In this guide, you'll create a
test_db database and a sample
customers table. You'll then populate the table with a random list of customers' details containing some duplicates. Finally, you'll use the MySQL
GROUP BY and
HAVING clauses to find and
DROP duplicate rows.
To follow along with this guide, make sure you have the following:
test_db Database
First,
SSH to your server and run the command below to log in to your MySQL database server as root.
$ sudo mysql -u root -p
When prompted, enter the root password of your MySQL server and press ENTER to continue. Then, run the command below to create a
test_db database.
mysql> CREATE DATABASE test_db;
Use the
test_db database.
mysql> USE test_db;
Next, set up a
customers table. In this table, you'll uniquely identify the customers by referring to the
customer_id column, which should be auto-populated since you'll define it with a
PRIMARY KEY statement.
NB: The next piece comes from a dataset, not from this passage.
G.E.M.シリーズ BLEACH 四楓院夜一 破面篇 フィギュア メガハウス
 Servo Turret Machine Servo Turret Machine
The table will then record the
first_name,
last_name and
phone number of the customer.
Create the
customers table.
mysql> CREATE TABLE customers (
customer_id BIGINT NOT NULL AUTO_INCREMENT PRIMARY KEY,
first_name VARCHAR(50),
last_name VARCHAR(50),
phone VARCHAR(15)
) ENGINE = InnoDB;
Next, populate the
customers table with some records. Please note that it is possible for you to
INSERT details of the same customer multiple times in this table. As earlier indicated, you might be importing some records from an external data source that lacks the functionalities of a relational database.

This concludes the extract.